Środowe spotkanie przeciwko młodziutkiej drużynie z Płocka początkowo wyglądało nieźle, a i wynik dla naszego zespołu był obiecujący. W 19 minucie nasi mieli sześć bramek przewagi, która co prawda stopniała do trzech, kiedy zespoły schodziły na przerwę, ale to płocczanie musieli „gonić” wynik . Szybko, się z tym uporali, bo już w 38.minucie było 18-18, ale na 10 minut przed końcem to KPR prowadził 27-23. Decydujące minuty wygrali jednak płocczanie i to 6-1! Nieszczęście naszego zespołu zaczęło się od podwójnego wykluczenia, a potem dwóch czerwonych karetek w wyniku gradacji kar dla Kamila Cioka i Filipa Fąfary. Zmęczoną drużynę stać było tylko na doprowadzenie do remisu, ale na bramkę w ostatniej minucie Mateusza Ziemińskiego nie potrafiła już odpowiedzieć.

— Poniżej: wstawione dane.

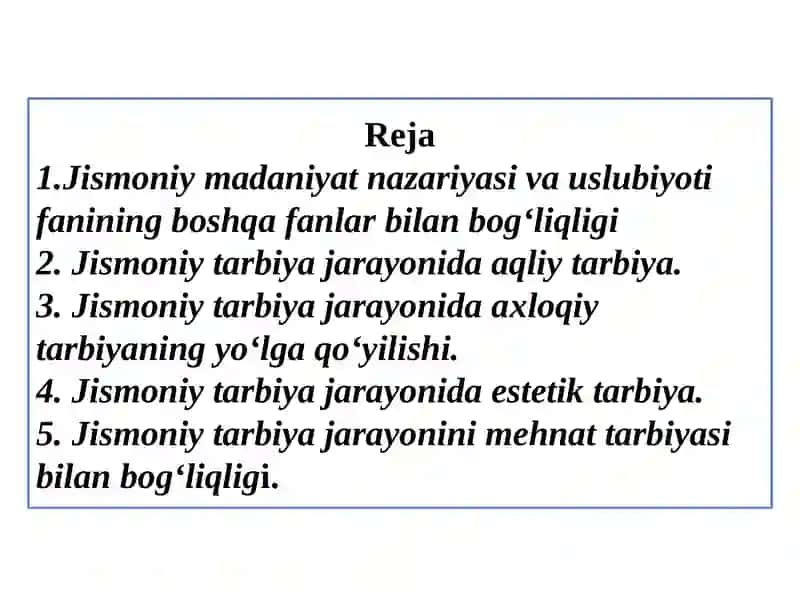 Jismoniy tarbiya nazariyasi va usuliyatining boshqa fanlar bilan bog’liqligi 2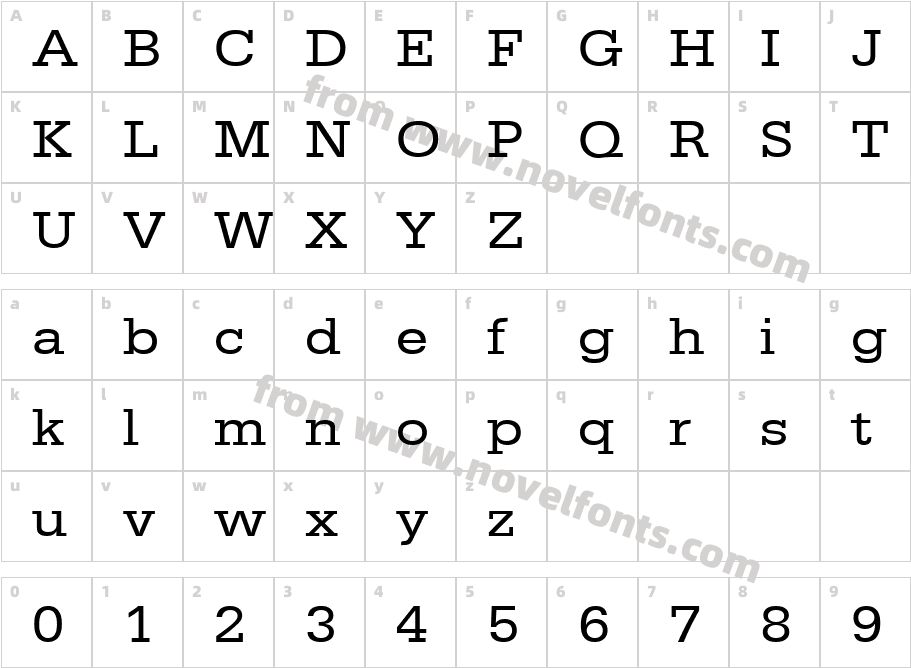 URW EgyptienneT Regu Extr WideCharacter Map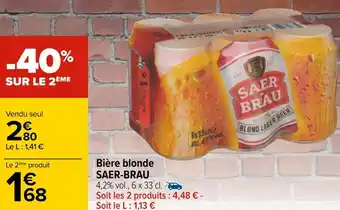 Carrefour Saer-brau bière blonde offre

- Legionowianin w barwach akademików z Białej – Bartosz Ziółkowski Fot. fotoMiD
- Kamil Ciok w objęciach rywala Fot. fotoMiD
- Gościom nie udało się „rozebrać” legionowskiego obrotowego Wiktora Jędrzejewskiego. Koszulka wytrzymała Fot. fotoMiD
- Zatroskana mina trenera Marcina Smolarczyka. Co możemy jeszcze zrobić? Fot. fotoMiD
- Nie jest prawdą, że KPR Legionowo nie ma własnych wychowanków, że nie szkoli się młodzieży. To zdjęcie samych swoich przeczy tej powszechnej tezie. Od lewej: Michał Bekisz, Kacper Wyrozębski, trener Adam Bekisz, Marcin Kostro, trener Paweł Lisiecki, Bartosz Ziółkowski Fot. fotoMiD
KPR Legionowo – Orlen Wisła II Płock 30-31 (15-12). KPR: Węgrzyn, Wyrozębski – Grabowski (6), Fąfara(5), Prątnicki(5), Jędrzejewski (4), Suliński (3), Ciok (1), Ignasiak (6), Bielawski, Gawęcki, Kostro.

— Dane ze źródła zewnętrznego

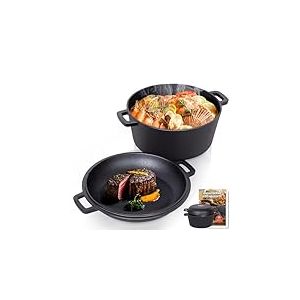 Todeco 2 en 1 Marmite en Fonte avec couvercle de po&ecirc;le, 5L Dual Function Casserole en fonte avec recette pour cuisine, Pr&eacute;-assaisonn&eacute;, pour cuisine, camping, barbecue, r&ocirc;tir ou braiser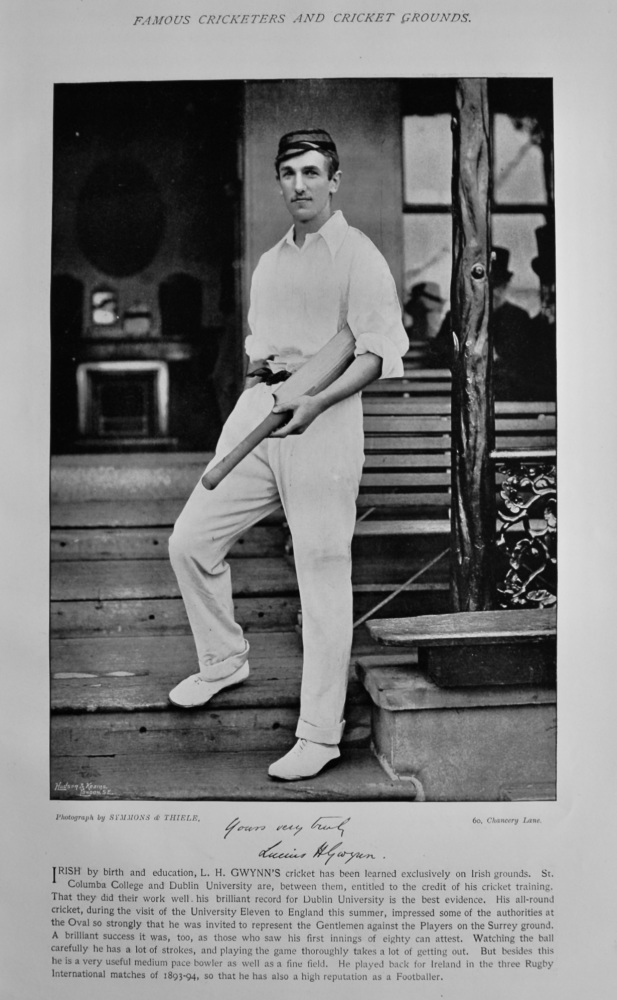 Lucius Henry Gwynn.   &   Joseph Beckett Wostinholm.  1895.  (Cricketers)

Niedzielne spotkanie przeciwko trzeciej drużynie rozgrywek było początkowo meczem „na styk”. Legionowianom nie udału się utrzymać w końcówce pierwszej połowy 2-3 bramek przewagi i pierwsza połowka zakończyła się remisem (14-14). Dziesięć minut po przewie goście prowadzili już różnicą czterech branek, która przez kolejnych osiem minut wzrosła do pięciu (19-25). Nasi powalczyli jednak do samego końca i kiedy czerwono kartkę ujrzał jeden z gości (Karol Nowicki) zaczęli gonić wynik. W 52 minucie było nawet „tylko” 25-25, a potem nawet, na minutę przed końcem meczu, nawet 28-29. Mimo czasu na żądanie i próbie ustalenia końcowej akcji , choćby remisu w tym spotkaniu legionowianom nie udało się „wyrwać”.
KPR Legionowo – AZS AWF Biała Podlaska 28-29 (14-14). KPR: Węgrzyn, Wyrozębski – Fąfara (6), Jędrzejewski (6),Cik (5), Prątnicki (5), Grabowski (4), Bielawski(1), Igansiak (1), Suliński, Kostro. Dla gości najwięcej bramek zdobyli: 9 – Dzanis Valyntsau, 7 –Maksim Kruchkou, 5 Przemysław Urabniak, 4 –Bartosz Ziółkowski.
Najbliższe, także domowe spotkanie, to pierwszoligowe derby z ROKiS-em Radzymin. Odbędą się one dopiero 20 marca, o godz. 20. (jb)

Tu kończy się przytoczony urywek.